**Your task:** Each record should be given again exactly, and any picture in it left out.

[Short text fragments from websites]
··········
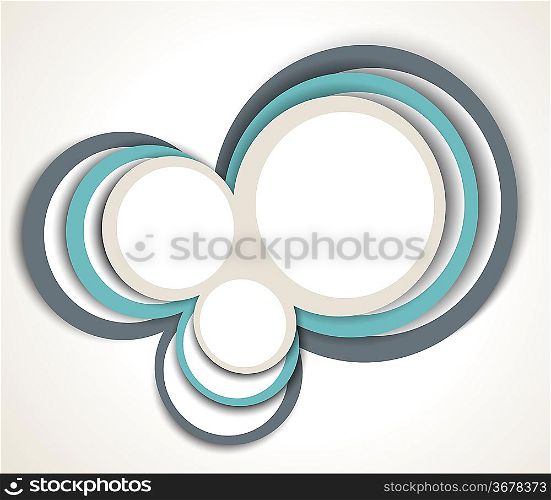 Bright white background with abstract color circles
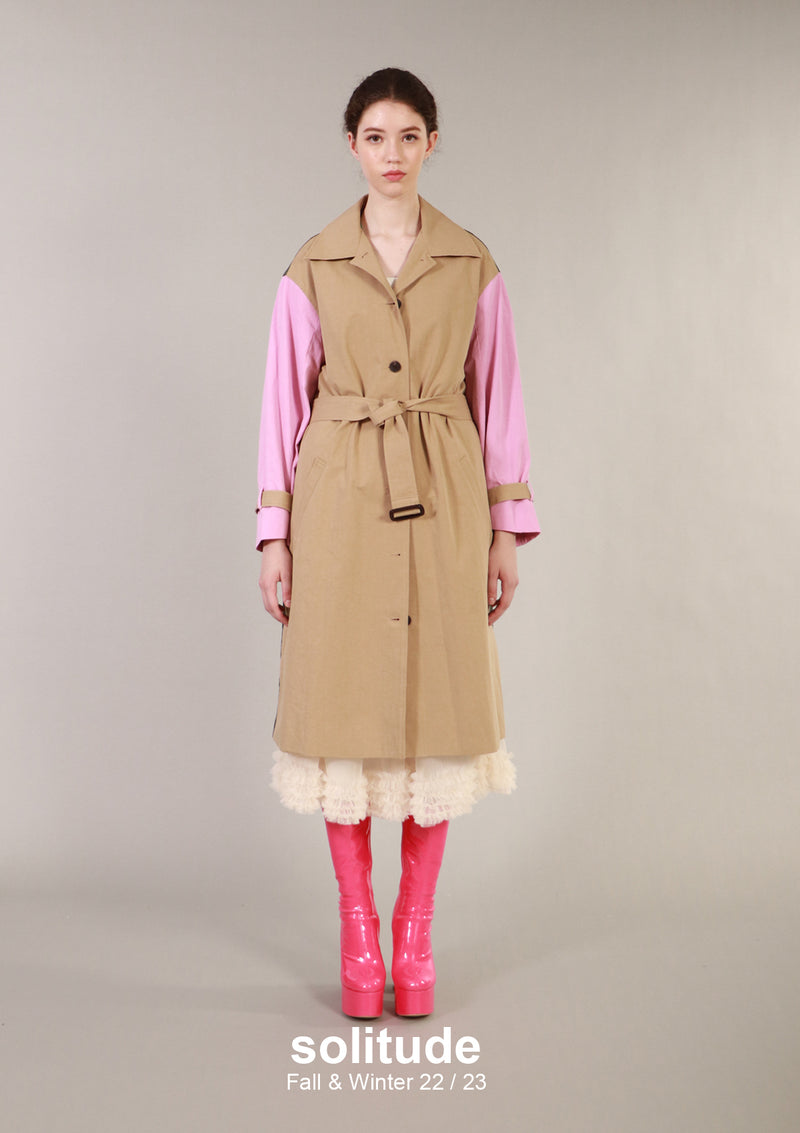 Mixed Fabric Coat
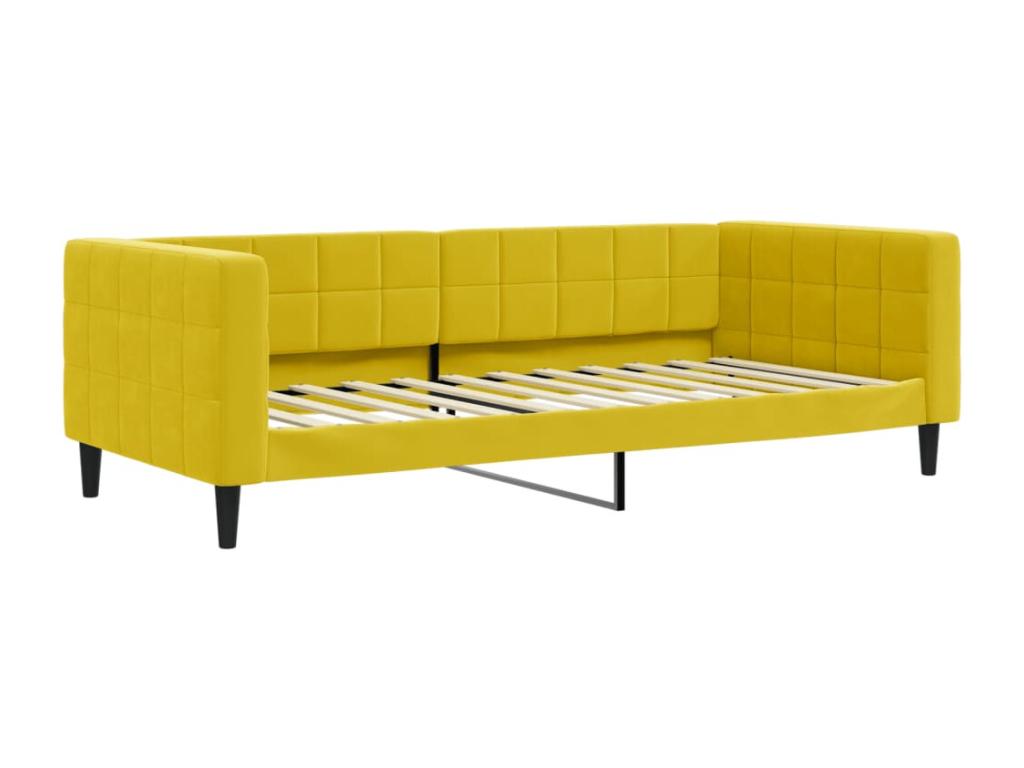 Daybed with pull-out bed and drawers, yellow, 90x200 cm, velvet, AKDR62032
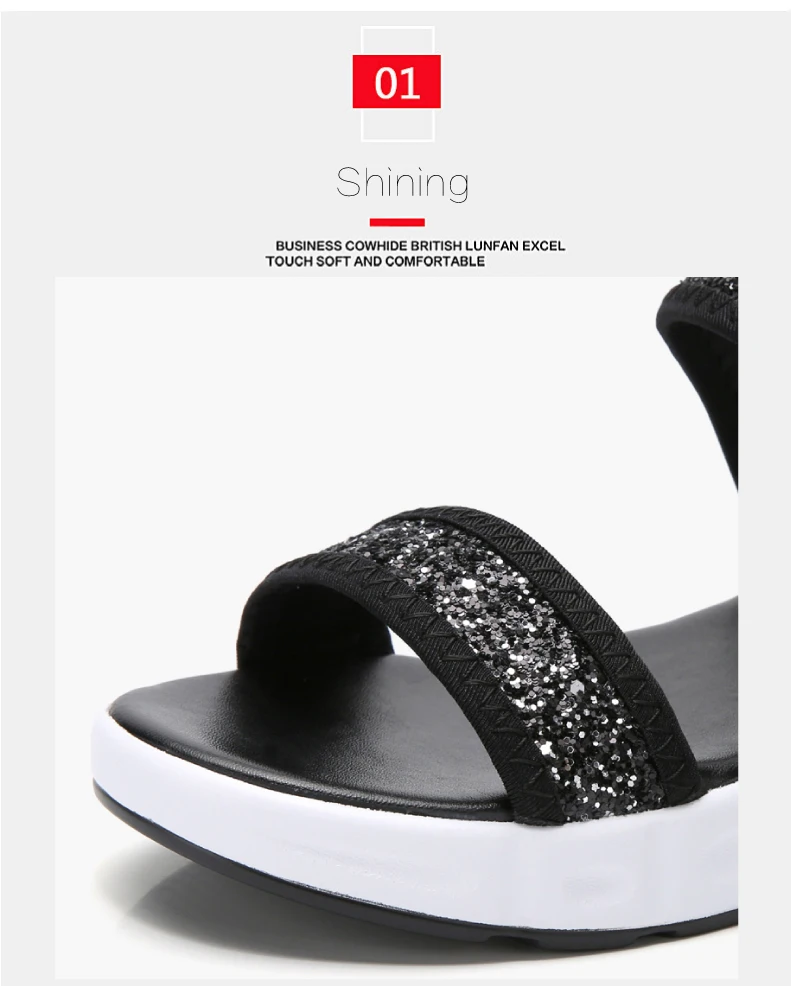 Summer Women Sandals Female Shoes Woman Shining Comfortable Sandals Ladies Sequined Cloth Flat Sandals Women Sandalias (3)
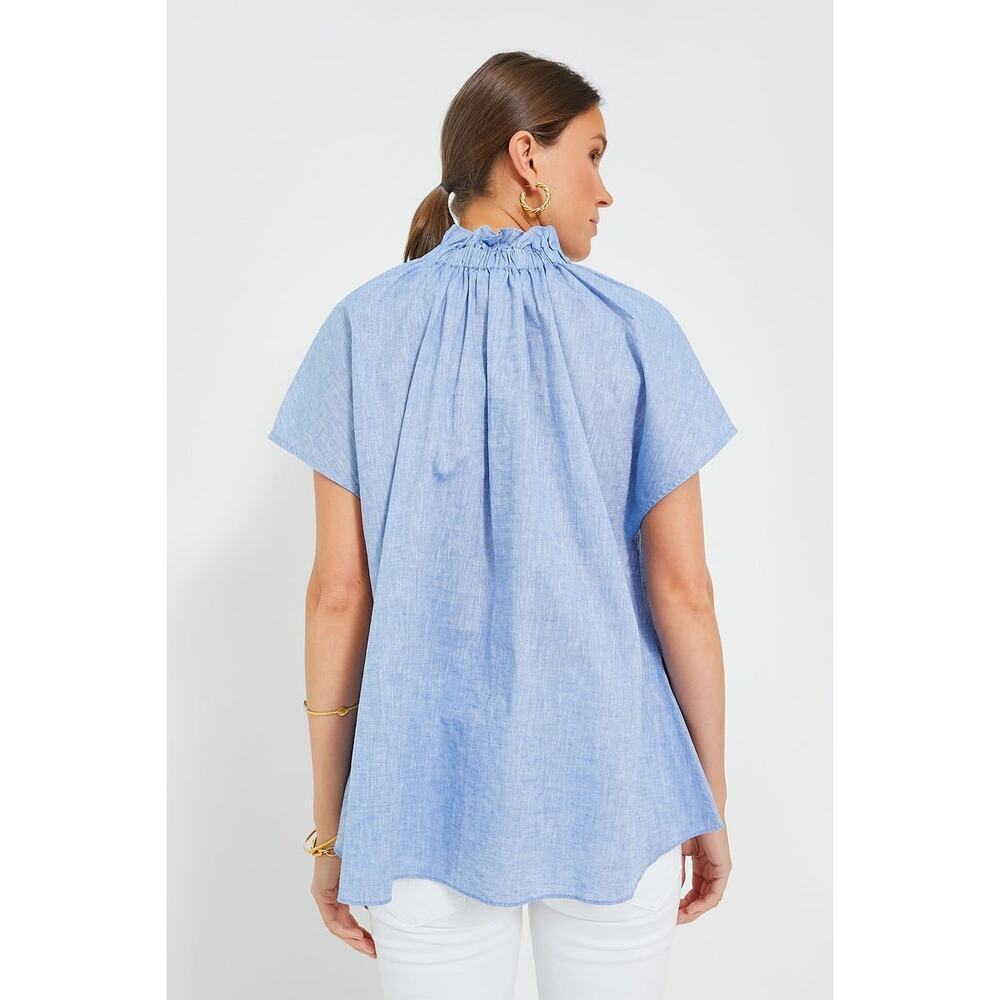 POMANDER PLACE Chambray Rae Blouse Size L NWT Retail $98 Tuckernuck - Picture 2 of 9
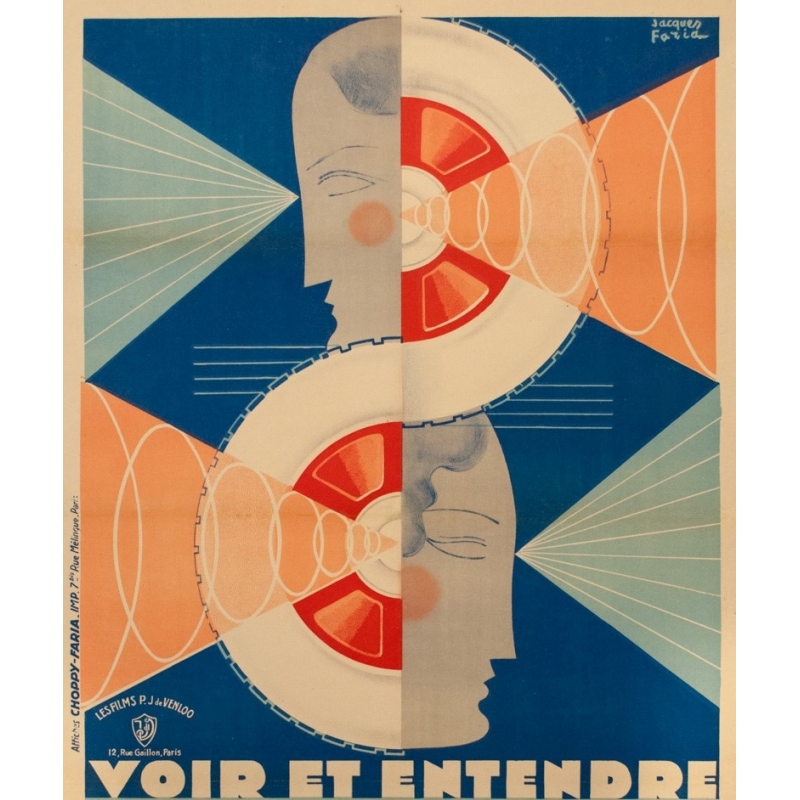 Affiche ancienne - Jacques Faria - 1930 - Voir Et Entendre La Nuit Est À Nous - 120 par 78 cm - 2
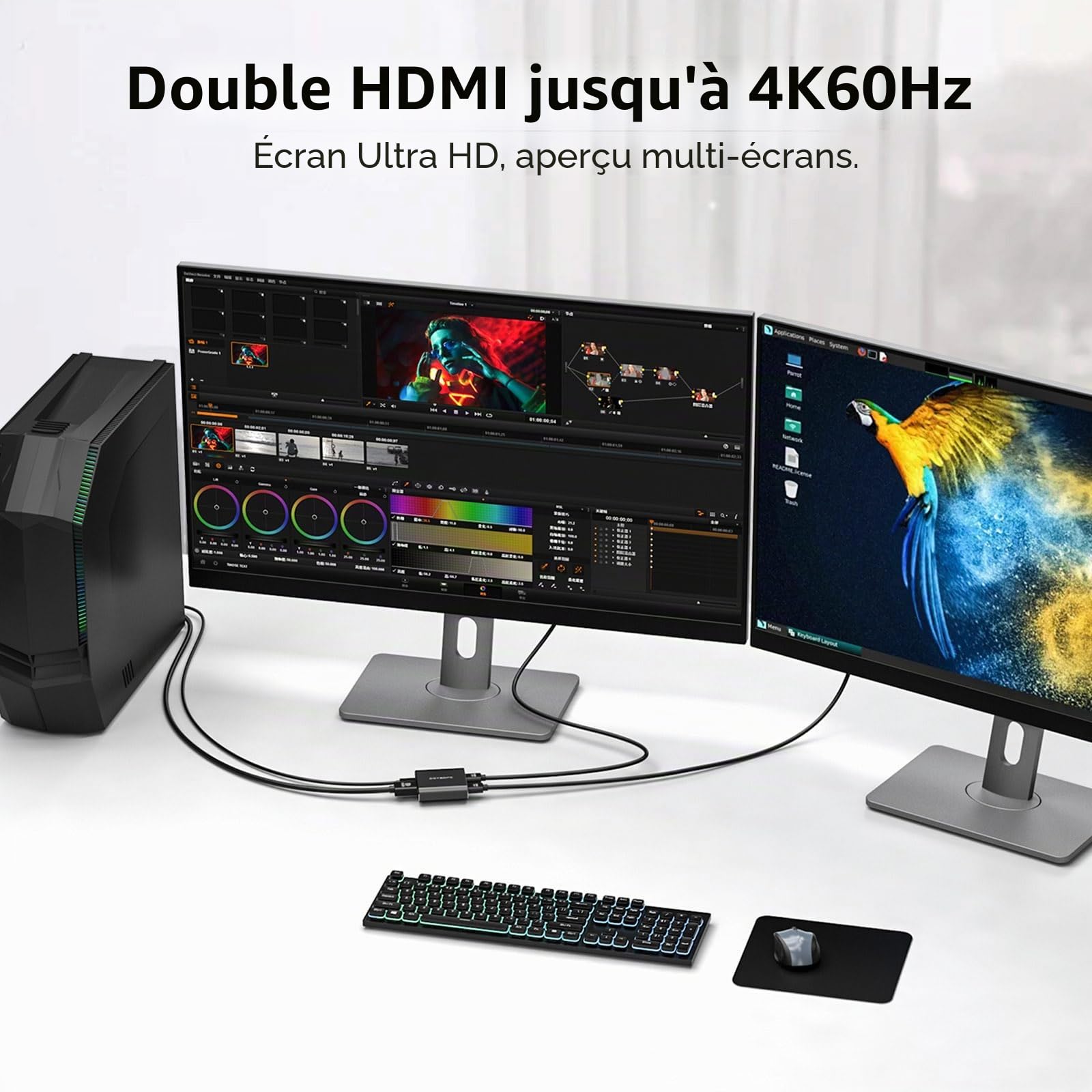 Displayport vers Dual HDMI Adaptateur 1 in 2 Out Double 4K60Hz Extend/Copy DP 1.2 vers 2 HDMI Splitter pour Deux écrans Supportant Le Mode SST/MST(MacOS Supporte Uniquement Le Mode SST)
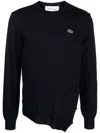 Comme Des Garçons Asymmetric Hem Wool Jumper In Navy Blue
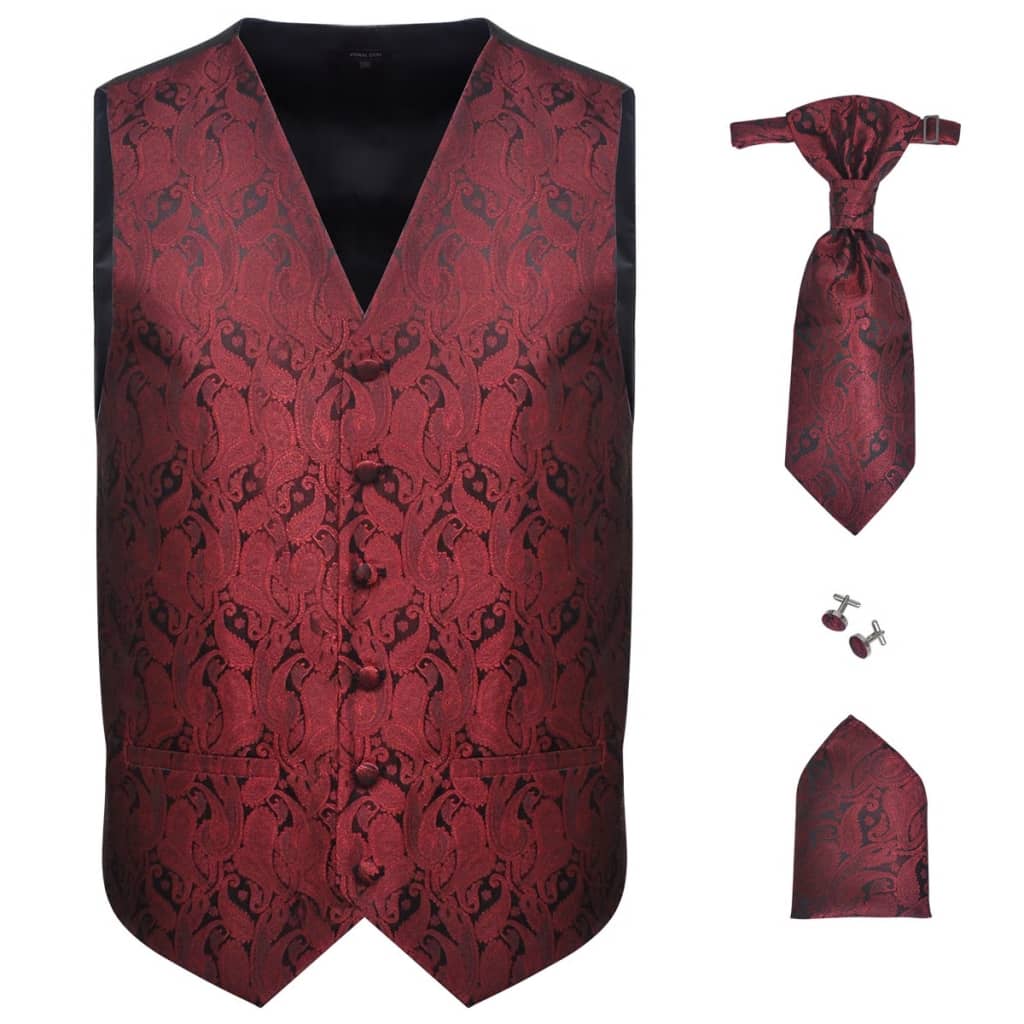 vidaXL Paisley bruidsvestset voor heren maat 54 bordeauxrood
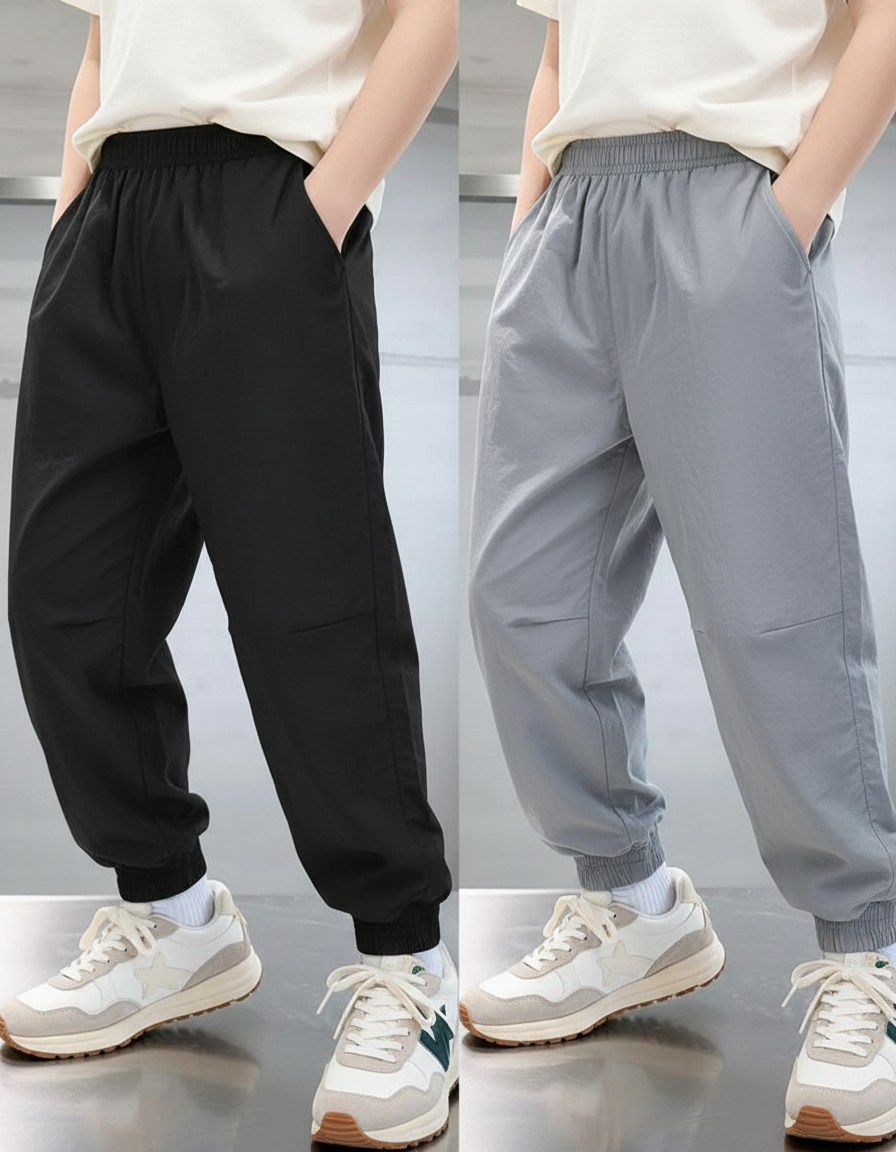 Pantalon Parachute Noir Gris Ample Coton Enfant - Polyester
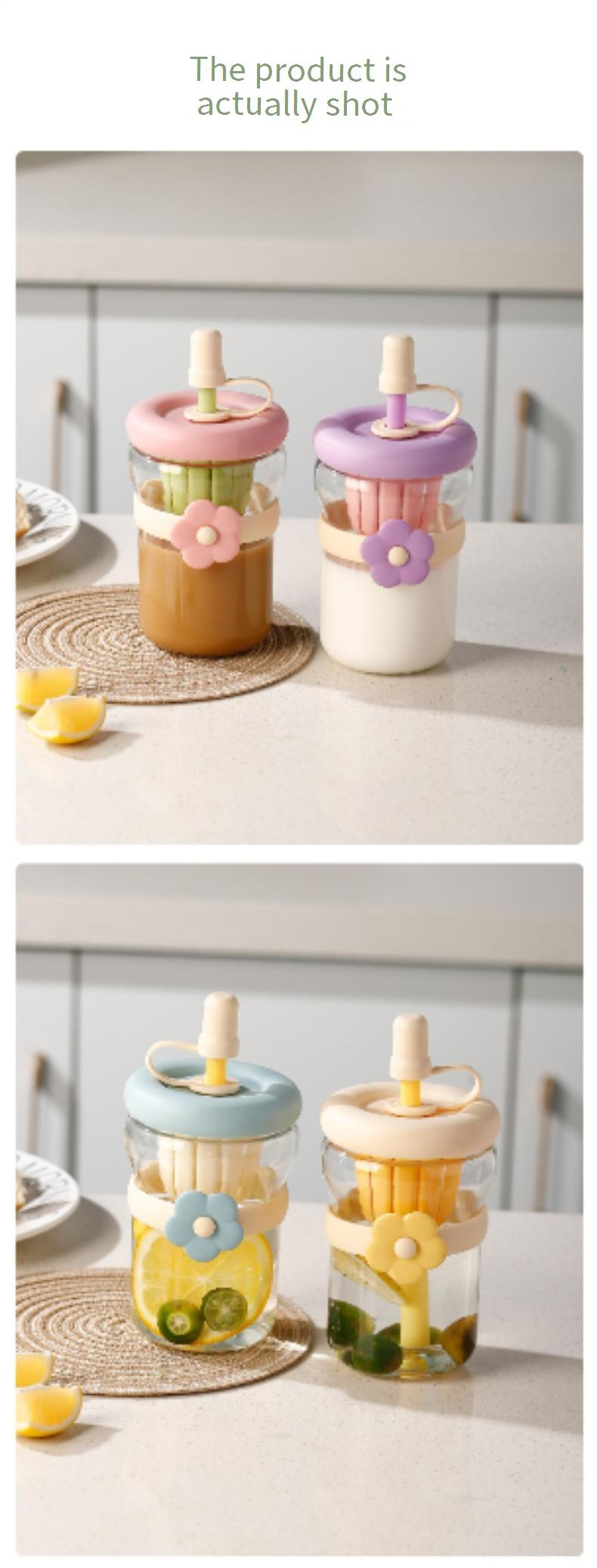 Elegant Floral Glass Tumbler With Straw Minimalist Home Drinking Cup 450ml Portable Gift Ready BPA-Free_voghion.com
··········
**Answer to the problem:**
 Bright white background with abstract color circles
 Mixed Fabric Coat
 Daybed with pull-out bed and drawers, yellow, 90x200 cm, velvet, AKDR62032
 Summer Women Sandals Female Shoes Woman Shining Comfortable Sandals Ladies Sequined Cloth Flat Sandals Women Sandalias (3)
 POMANDER PLACE Chambray Rae Blouse Size L NWT Retail $98 Tuckernuck - Picture 2 of 9
 Affiche ancienne - Jacques Faria - 1930 - Voir Et Entendre La Nuit Est À Nous - 120 par 78 cm - 2
 Displayport vers Dual HDMI Adaptateur 1 in 2 Out Double 4K60Hz Extend/Copy DP 1.2 vers 2 HDMI Splitter pour Deux écrans Supportant Le Mode SST/MST(MacOS Supporte Uniquement Le Mode SST)
 Comme Des Garçons Asymmetric Hem Wool Jumper In Navy Blue
 vidaXL Paisley bruidsvestset voor heren maat 54 bordeauxrood
 Pantalon Parachute Noir Gris Ample Coton Enfant - Polyester
 Elegant Floral Glass Tumbler With Straw Minimalist Home Drinking Cup 450ml Portable Gift Ready BPA-Free_voghion.com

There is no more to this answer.